Home » Amazon, Big Publishing, Self-Publishing » Amazon Vs. Hachette: Fewer Middlemen Equals A Better World

Amazon Vs. Hachette: Fewer Middlemen Equals A Better World

31 August 2014

From TechCrunch:

By now everyone is well aware of the ongoing battle between Amazon and publisher Hachette. The thing is, we all know how this story ends; we just don’t know when it will be over. This one does not have a David vs. Goliath ending. Goliath is going to win — and that is a good thing for the world.

An investor in oDesk once said, “Two middlemen seems like one too many.” It was a pivotal statement that solidified the early focus on providing direct connections between employers and freelancers anywhere in the world. Everything we did in the early days of oDesk to support and benefit these direct connections paid off. Everything we did to accommodate other middlemen in the process was a waste of time.

. . . .

Hachette is a middleman. So is Amazon. There should be only one.

The arguments for Hachette go something like this: without great publishers, there will be fewer great writers, and emerging talents will have a harder time establishing themselves. For at least 900 authors, this is a scary proposition. Publishers do provide valuable services of talent discovery, quality control and distribution. But let’s look at each one of these points and see how things could be better with fewer middlemen.

. . . .

Take a look at Apple’s App Store. They’ve effectively destroyed the old guard of video game publishers. It’s only in the last few years that an independent game developer from Vietnam could end up with the No. 1 game in the world. That developer probably never would have been discovered by EA. Platforms like the App Store or Amazon can do a better job of talent discovery than the status quo, because they lower the barriers to entry for aspiring app developers or authors. They give everyone a chance. I don’t hear consumers complaining about the lack of good games available. On the contrary, mobile gaming is hotter than ever.

A platform like Amazon will get data about user conversion rates and user ratings much faster than anyone else and can let the cream rise to the top. Granted, they will not discover authors before they ever write a book, but as soon as a title is available for sale, Amazon can take care of the rest. An aspiring author that self-publishes a title that resonates with readers will rise to the top of the charts in a meritocratic platform like Amazon. We should be embracing meritocratic platforms.

. . . .

The bonus for the world is that eliminating middlemen makes the world more economically efficient and maybe even more educated. Prices come down and the amount of reading goes up.

The lessons for other marketplaces here are straightforward. Align the incentives of the buyer and supplier and, if possible, ignore the incentives of other middlemen.

Link to the rest at TechCrunch and thanks to Joshua for the tip.

Amazon, Big Publishing, Self-Publishing

4 Comments to “Amazon Vs. Hachette: Fewer Middlemen Equals A Better World”

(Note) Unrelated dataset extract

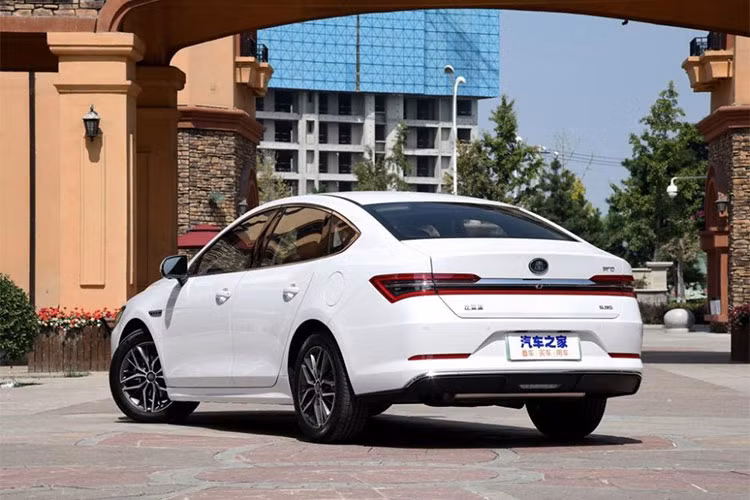 Ngoại thất xe với các đường nét thiết kế mang tính khí động học có nẹp kim loại chạy quanh từ đầu đến phía đuôi xe. Cụm đèn trước có thiết kế khá nhỏ, nhưng là dạng led hiện đại cùng đèn viền chạy liền mạch quanh phần đuôi. Mâm xe dạng hợp kim thiết kế 5 chấu kép khá ấn tượng.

  1. This post, and the prior one about clickbait are actually making the same point: That instant analysis of the reader’s performance is able to influence and maybe form the message itself. This increases the power of the reader. At some point, the reader’s feedback may even be creating the text in real-time.

  2. From the article, “This one does not have a David vs. Goliath ending. Goliath is going to win — and that is a good thing for the world.”

    Remind me again. Which billion dollar corporation is Goliath?